Preparing the Way of the Lord sounds lofty and poetic, but in reality that preparation can be menial and routine, and seem exhausting and never-ending. Even our Young Disciples get into the act. There’s much to do to prepare for Palm Sunday, Pastor’s Class baptisms, Holy Week, and Easter.
Like those first disciples who had orders to go and fetch that donkey for the Parade into Jerusalem, maybe we thought serving Jesus would be more glamorous. Or if not more glamorous, maybe we thought it would be easier, or at least part-time, and scheduled for our own convenience!
I thank God for the amount of effort put forth by so many people at Disciples Christian Church so we could Prepare the Way of the Lord for three worship services, an Easter Egg Hunt, and an all-church luncheon. It was a wonderful Palm Sunday. We do love a parade!
Were you aware that there were two parades in Jerusalem that day? The Jesus parade that we model each year was approaching Jerusalem from the east.
The other parade came from the west. It was the Roman Army parade. Coming to maintain order during Passover – a time when the population of Jerusalem would swell from around 50,000 to well over 200,000 – and those are probably conservative estimates. In addition to the groundswell of people, Passover was a celebration of liberation, and liberation celebrations made the powers that be in Rome nervous every year. And so from the west, marched the Roman Army. No doubt an imposing sight. Roman flags flying, the Roman eagle prominently displayed, the clank of armor, the stomp of feet, and the beating of drums. A parade designed to be a display of Roman imperial power. A parade whose message was clear: Resist at your own risk!
And yet, there is this counter-demonstration coming from the east with Jesus as parade marshal, riding in on a donkey. Cheering crowds went ahead of him clearing the way and hailing his presence.
As with any parade, there’s planning that goes on behind the scenes. Mark (Read Mark 11:1-11) gives us a glimpse into some of that in his very detailed reporting of securing Jesus’ ride. Just before Jesus makes his final approach to Jerusalem, he sends two of his disciples to a nearby village with explicit instructions to find a particular donkey. And if anyone asked why they were taking that particular donkey that didn’t belong to them, they were to give the secret password code of The Lord needs it.

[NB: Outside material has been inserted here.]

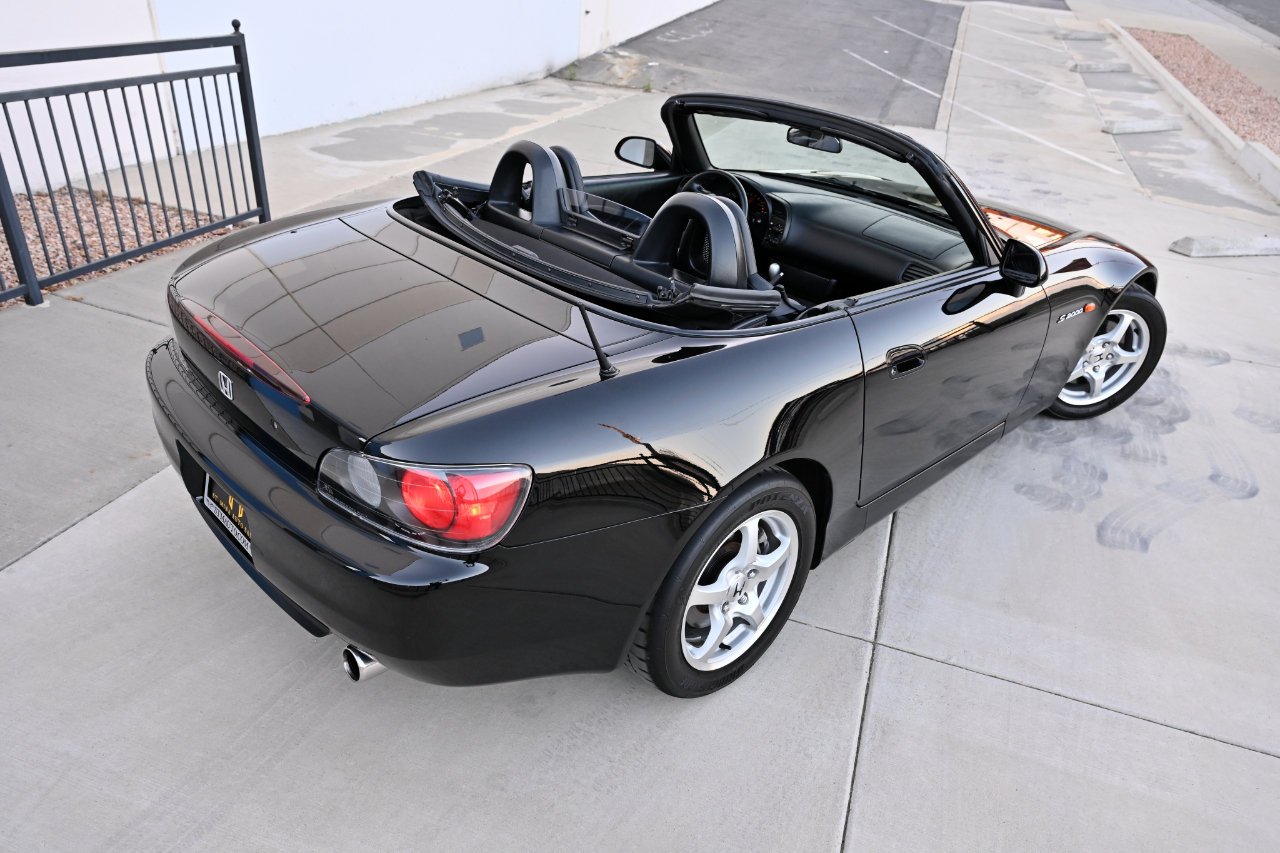 Used 2001 Honda S2000 image 17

Who knows that those two disciples were thinking having been given these instructions? We don’t know exactly which disciples these were, but imagine if they were James and John who only hours before had suggested to Jesus that they wanted positions of power – one at his right hand, one at his left – but it really doesn’t matter which two they were. All the disciples had been jockeying for advantage, angling for glory, arguing over who was the greatest. And now here they are mucking around in donkey doo, looking suspiciously like horse thieves. And did you catch that this was a colt that had never been ridden? Can you say feisty??
Why does Mark spend so much time describing the donkey details – remember Mark is often spare with details. Is it to warn us that preparing the way of the Lord is going to be filled with gritty details?
I repeat: Preparing the way of the Lord often sounds more poetic than it really is.
And yet, it was those same disciples on donkey dispatch who were also sent out to proclaim the good news of the gospel. They cast out demons. They healed the sick. They exercised authority in Jesus’ name. They figured out how to be like Jesus – even after Jesus was no longer there to show them. They received the Holy Spirit on Pentecost. They birthed the church as we know it today – the body of Christ. They endured persecution for their efforts. And they remained faithful. They prepared the way of the Lord – and if they had not, we would not be here.
They had no idea what to expect when they were called away from their fishing nets, what it would mean to follow or how much work would be involved in preparing the way. How exhausted they must have felt at the end of some days. How conflicted they may have been sometimes about what they were being asked to do. But neither did they have any idea of the transformation that would come, the miracles they would see, the justice they would seek, and the mercy they would be shown.
There were two parades that day in Jerusalem. One of power and established authority and a God-less outlook on life. Might and majesty and muscle. The other was a ragtag bunch of Jesus’ supporters operating well under the radar. Persons not in power – persons not even seeking power – rather persons seeking a better life by seeking after the Son of God, The Messiah. They didn’t know exactly what that meant, but they were eager to experience the transformation he promised in a world of justice and peace – so very different from the world in which they lived — with a place at the table for everyone, including them.
Assuming you feel called to follow the Jesus Parade, how are you being called to Prepare the Way of the Lord?
I hope wherever you are this week that you will seek a place to worship on Thursday for a remembrance of the Last Supper and on Friday to reflect on Jesus’ death on the cross. We will meet at Disciples at 7:30 on Thursday evening, and I will participate in a “Seven Last Words of Christ” ecumenical service on Friday from Noon to 3. To be prepared for our roles as disciples, we mustn’t go from the Parade to the Empty Tomb of Easter morning without a stop or two along the way.